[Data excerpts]
######

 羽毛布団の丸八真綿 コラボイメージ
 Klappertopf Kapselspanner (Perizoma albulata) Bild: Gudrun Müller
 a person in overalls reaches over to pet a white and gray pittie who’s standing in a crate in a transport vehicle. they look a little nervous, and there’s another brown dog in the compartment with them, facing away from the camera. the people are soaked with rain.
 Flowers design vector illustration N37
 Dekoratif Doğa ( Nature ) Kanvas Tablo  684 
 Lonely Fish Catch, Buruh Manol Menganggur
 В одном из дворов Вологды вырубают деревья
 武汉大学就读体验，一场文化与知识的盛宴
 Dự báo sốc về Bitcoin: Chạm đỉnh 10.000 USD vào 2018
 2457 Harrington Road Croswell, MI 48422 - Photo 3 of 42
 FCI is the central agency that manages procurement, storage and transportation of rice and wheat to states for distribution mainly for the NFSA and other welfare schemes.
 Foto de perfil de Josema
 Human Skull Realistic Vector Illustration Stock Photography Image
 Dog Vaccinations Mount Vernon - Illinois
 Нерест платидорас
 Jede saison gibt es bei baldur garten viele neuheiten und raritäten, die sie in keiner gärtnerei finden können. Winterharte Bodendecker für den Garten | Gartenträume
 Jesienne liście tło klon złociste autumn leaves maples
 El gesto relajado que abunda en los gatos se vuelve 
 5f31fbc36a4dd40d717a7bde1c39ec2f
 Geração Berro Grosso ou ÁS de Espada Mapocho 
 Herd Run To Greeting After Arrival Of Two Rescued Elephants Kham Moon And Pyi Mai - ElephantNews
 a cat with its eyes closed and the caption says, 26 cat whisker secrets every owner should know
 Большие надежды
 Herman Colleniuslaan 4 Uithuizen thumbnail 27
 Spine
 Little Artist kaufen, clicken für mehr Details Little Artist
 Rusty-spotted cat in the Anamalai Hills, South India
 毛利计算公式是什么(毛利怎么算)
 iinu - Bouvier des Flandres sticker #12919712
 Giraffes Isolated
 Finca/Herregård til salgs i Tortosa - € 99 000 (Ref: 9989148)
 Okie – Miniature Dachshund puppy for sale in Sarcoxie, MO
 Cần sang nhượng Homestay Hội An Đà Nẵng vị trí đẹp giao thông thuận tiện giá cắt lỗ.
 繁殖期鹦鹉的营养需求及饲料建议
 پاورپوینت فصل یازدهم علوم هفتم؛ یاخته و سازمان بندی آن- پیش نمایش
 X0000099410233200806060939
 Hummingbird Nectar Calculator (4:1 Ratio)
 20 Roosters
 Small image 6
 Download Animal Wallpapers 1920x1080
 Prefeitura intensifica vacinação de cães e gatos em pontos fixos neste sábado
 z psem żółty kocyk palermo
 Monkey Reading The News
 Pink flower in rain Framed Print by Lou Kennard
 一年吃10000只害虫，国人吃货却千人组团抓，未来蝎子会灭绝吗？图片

######

* _Exercise directions_
Retype exactly the lines from the start of the entries through the one with "Dog Vaccinations Mount Vernon - Illinois"; include both ends.

* _Task answer_
 羽毛布団の丸八真綿 コラボイメージ
 Klappertopf Kapselspanner (Perizoma albulata) Bild: Gudrun Müller
 a person in overalls reaches over to pet a white and gray pittie who’s standing in a crate in a transport vehicle. they look a little nervous, and there’s another brown dog in the compartment with them, facing away from the camera. the people are soaked with rain.
 Flowers design vector illustration N37
 Dekoratif Doğa ( Nature ) Kanvas Tablo  684 
 Lonely Fish Catch, Buruh Manol Menganggur
 В одном из дворов Вологды вырубают деревья
 武汉大学就读体验，一场文化与知识的盛宴
 Dự báo sốc về Bitcoin: Chạm đỉnh 10.000 USD vào 2018
 2457 Harrington Road Croswell, MI 48422 - Photo 3 of 42
 FCI is the central agency that manages procurement, storage and transportation of rice and wheat to states for distribution mainly for the NFSA and other welfare schemes.
 Foto de perfil de Josema
 Human Skull Realistic Vector Illustration Stock Photography Image
 Dog Vaccinations Mount Vernon - Illinois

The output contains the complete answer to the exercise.